• Data listing:
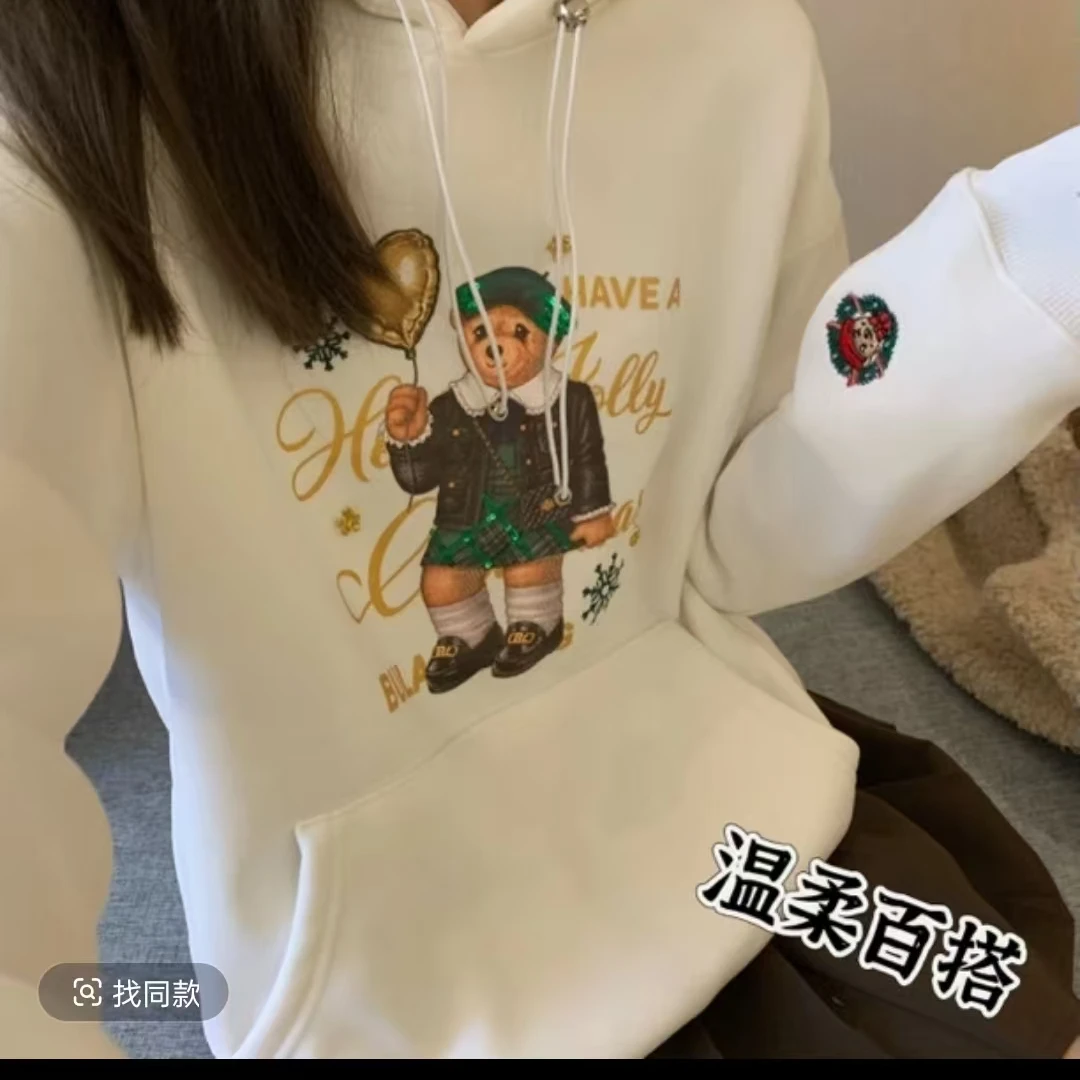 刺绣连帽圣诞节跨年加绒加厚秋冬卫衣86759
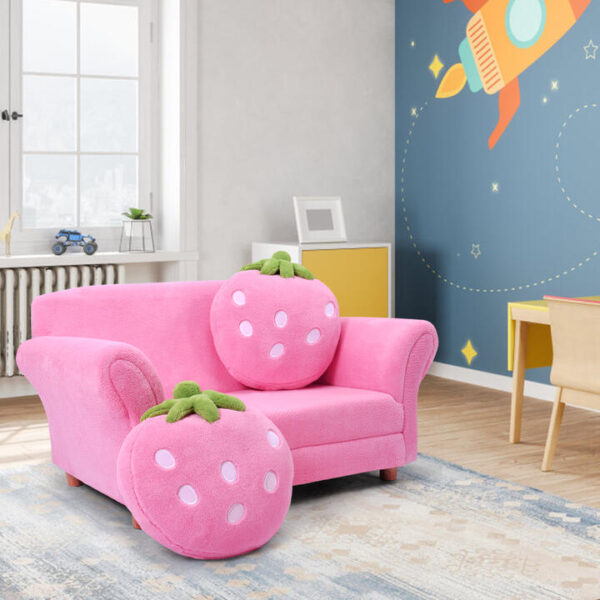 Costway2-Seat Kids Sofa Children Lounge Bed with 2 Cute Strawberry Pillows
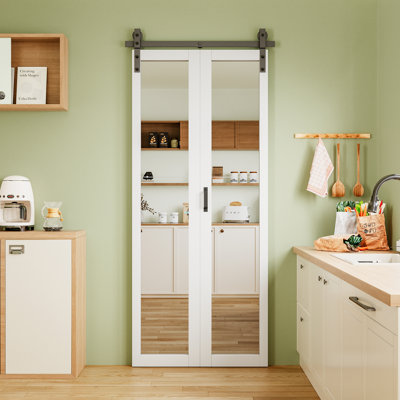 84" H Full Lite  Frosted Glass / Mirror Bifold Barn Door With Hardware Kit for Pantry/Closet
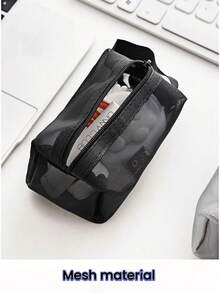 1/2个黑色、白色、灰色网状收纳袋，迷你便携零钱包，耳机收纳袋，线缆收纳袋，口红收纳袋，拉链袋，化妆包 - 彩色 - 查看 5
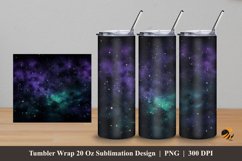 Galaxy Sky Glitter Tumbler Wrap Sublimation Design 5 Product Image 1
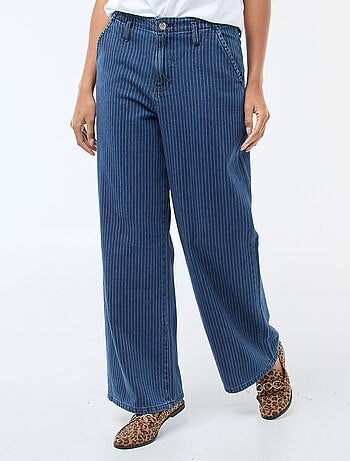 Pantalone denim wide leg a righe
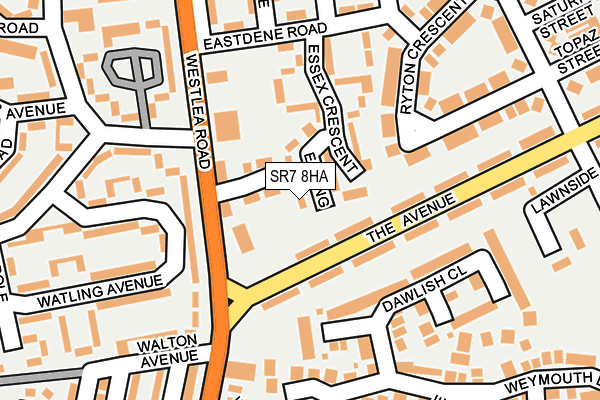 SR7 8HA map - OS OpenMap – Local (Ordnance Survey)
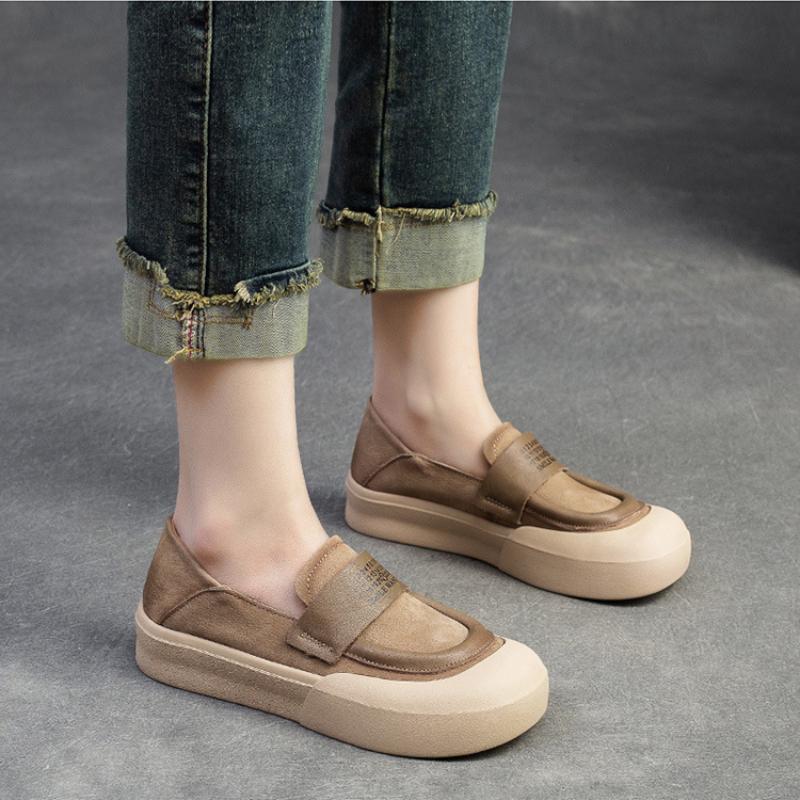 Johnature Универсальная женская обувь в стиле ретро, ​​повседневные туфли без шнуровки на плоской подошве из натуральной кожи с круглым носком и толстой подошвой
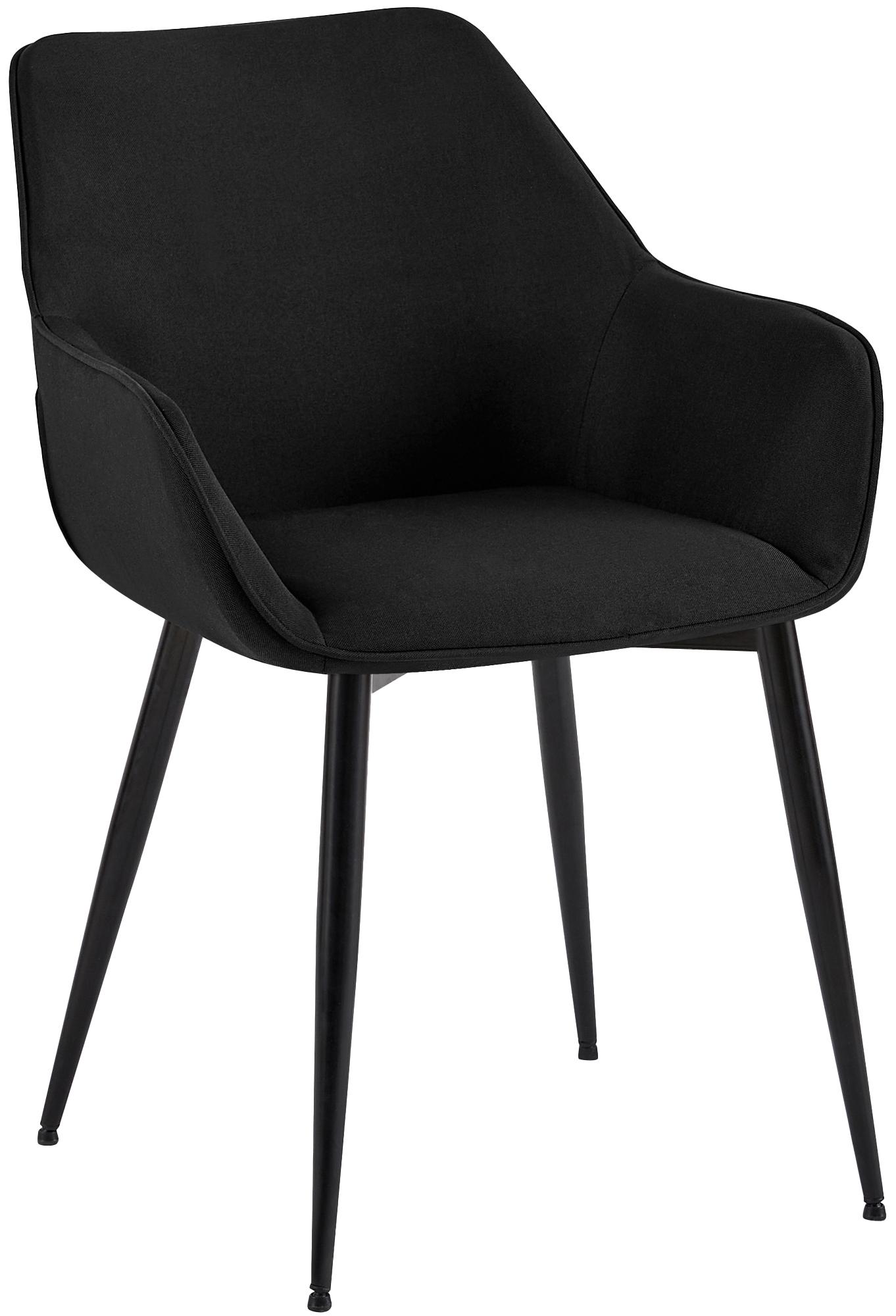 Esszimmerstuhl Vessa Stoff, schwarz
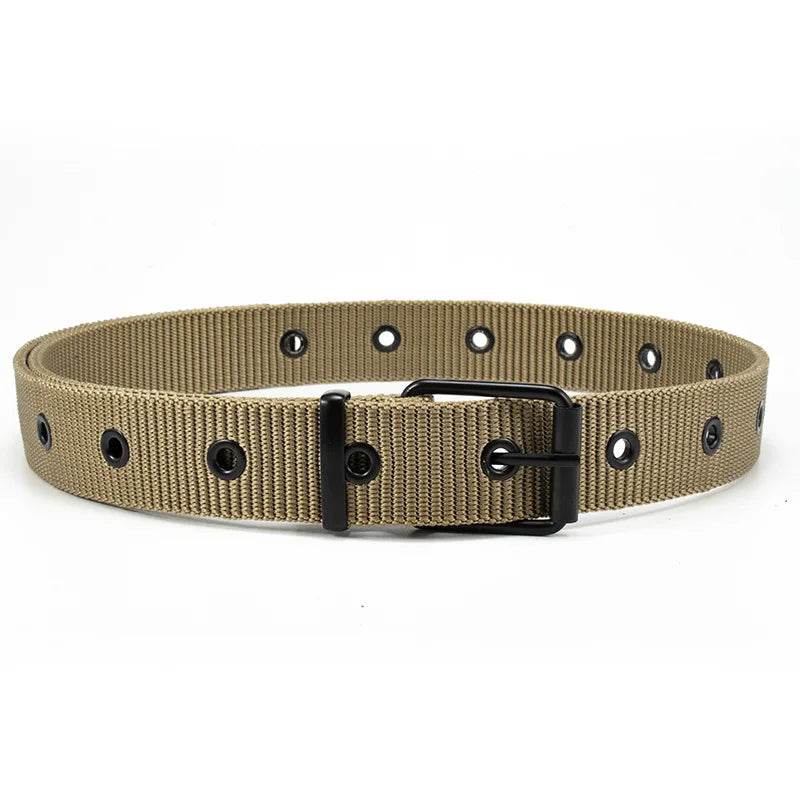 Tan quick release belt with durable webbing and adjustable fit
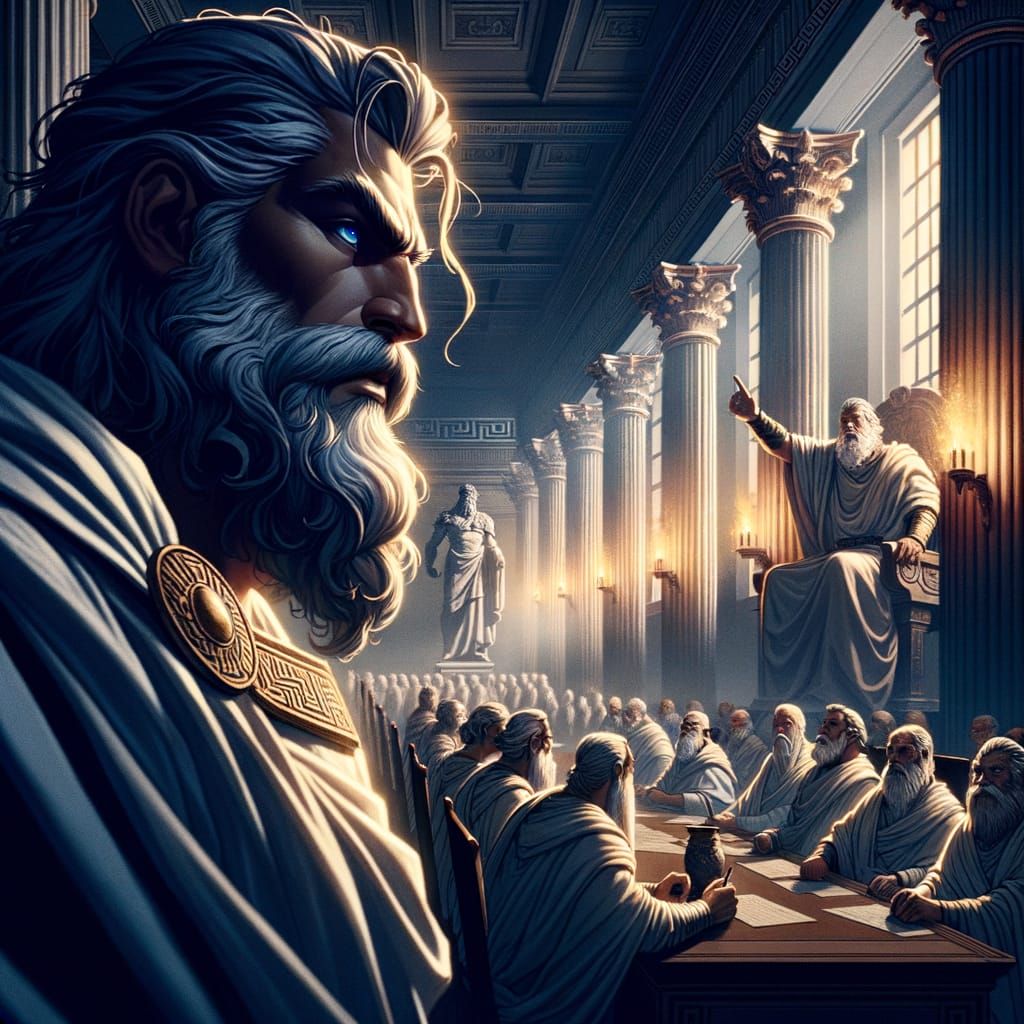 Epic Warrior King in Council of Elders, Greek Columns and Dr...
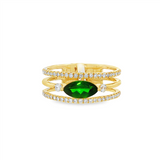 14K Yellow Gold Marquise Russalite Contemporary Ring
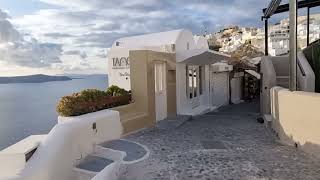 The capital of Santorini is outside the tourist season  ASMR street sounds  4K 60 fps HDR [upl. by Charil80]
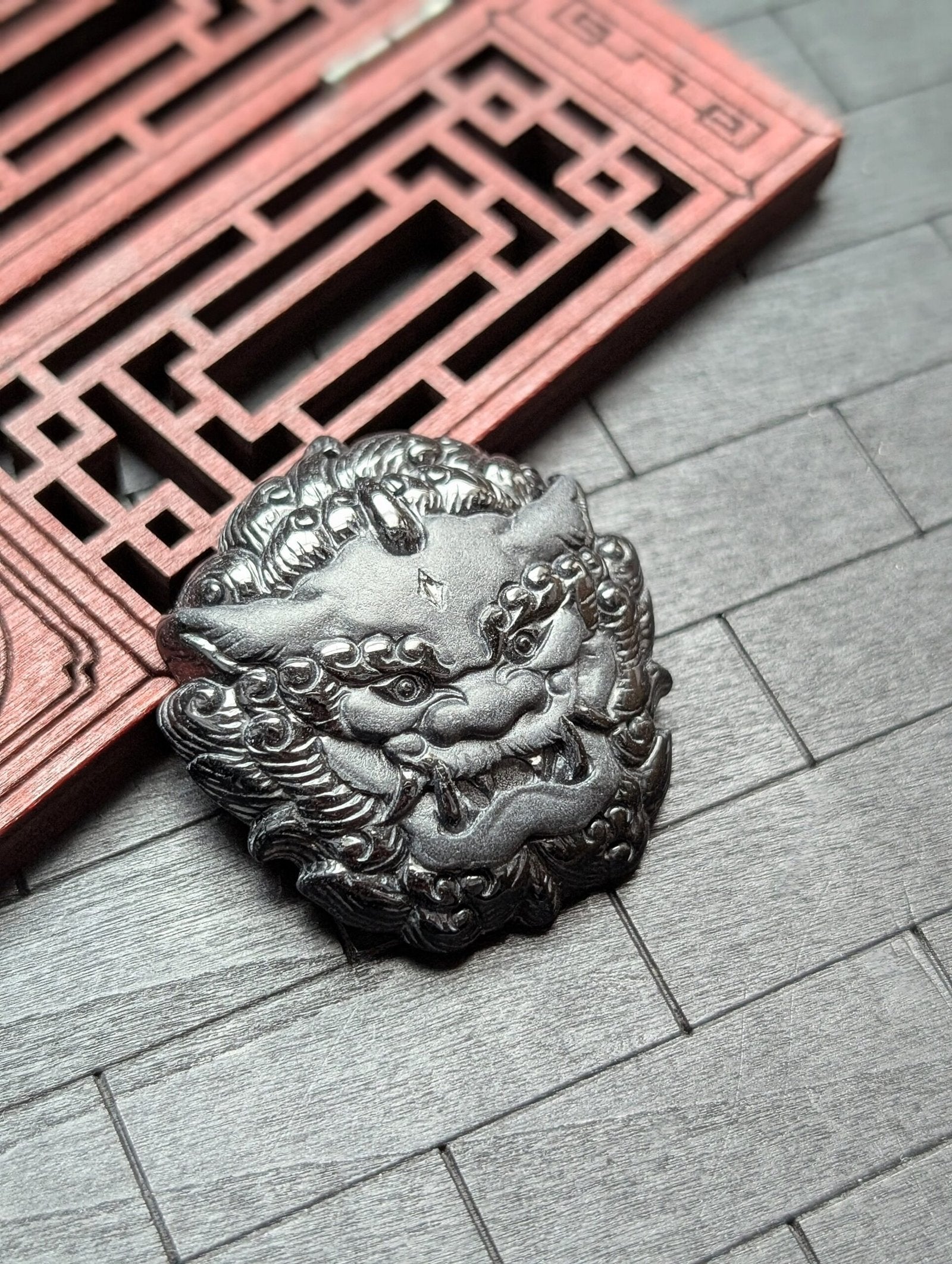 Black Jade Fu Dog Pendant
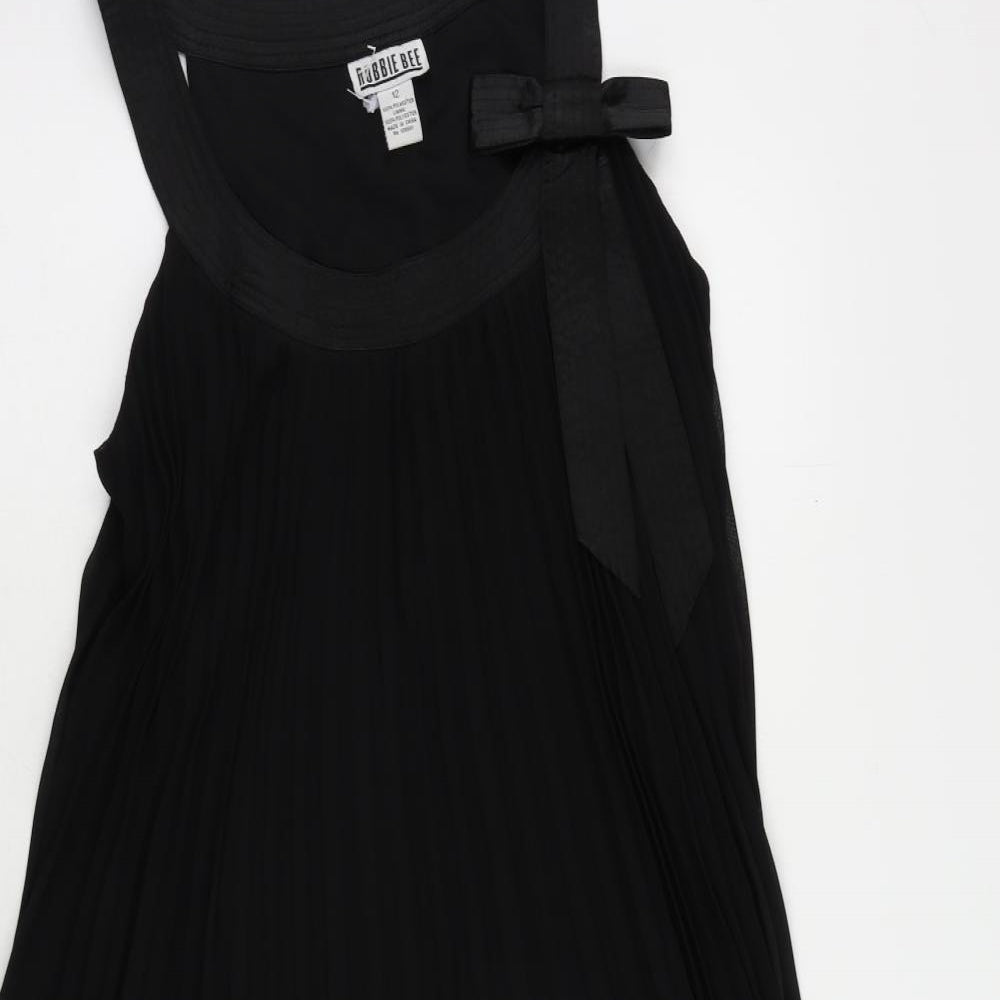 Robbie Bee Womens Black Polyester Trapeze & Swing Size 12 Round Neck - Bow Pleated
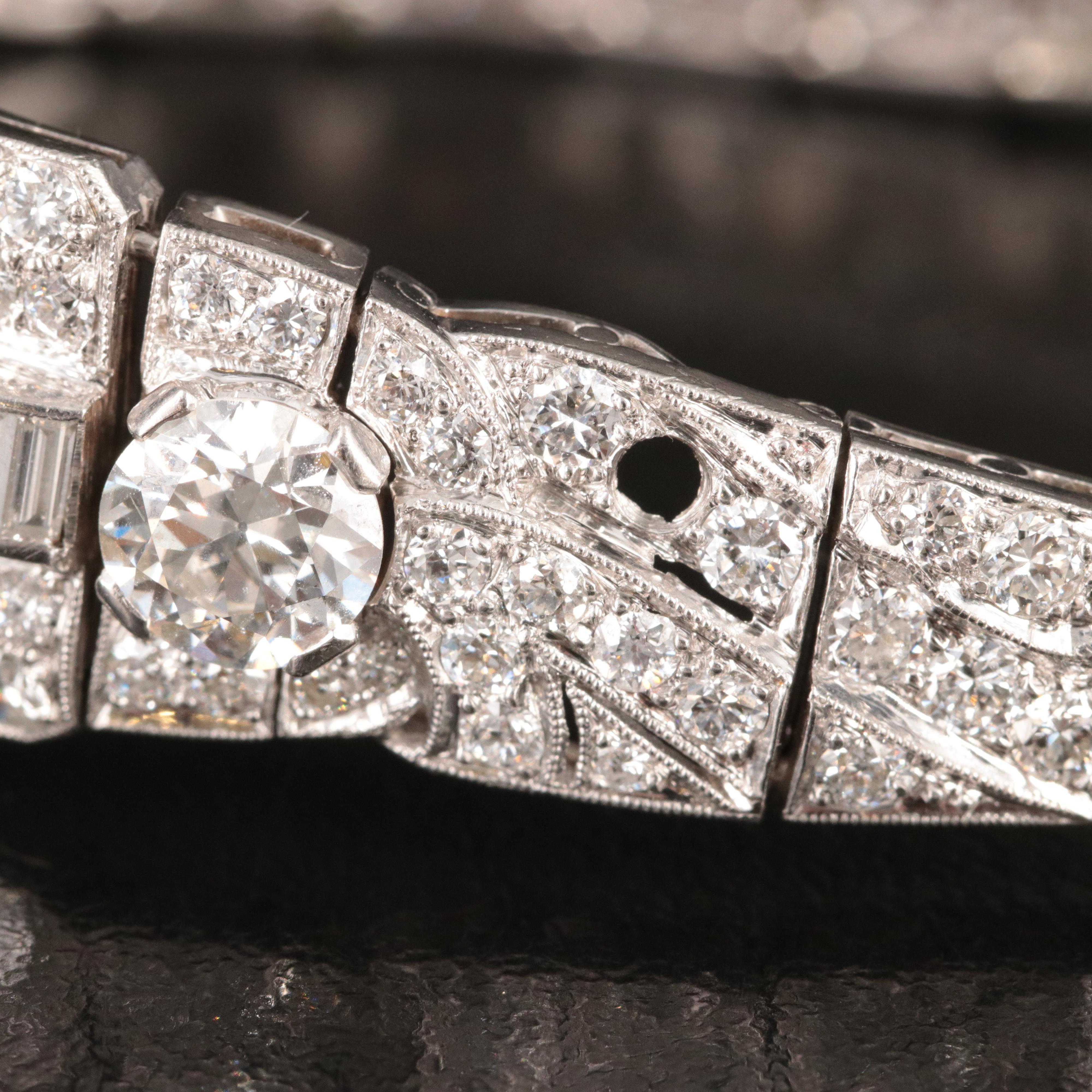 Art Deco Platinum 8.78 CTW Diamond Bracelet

• Problem details:
No pictures belong in the copy. Retype exactly, and only, the lines from the line containing "Black Jade Fu Dog Pendant" through the last line of the data, both included.

• Exercise solution:
 Black Jade Fu Dog Pendant
 Robbie Bee Womens Black Polyester Trapeze & Swing Size 12 Round Neck - Bow Pleated
 Art Deco Platinum 8.78 CTW Diamond Bracelet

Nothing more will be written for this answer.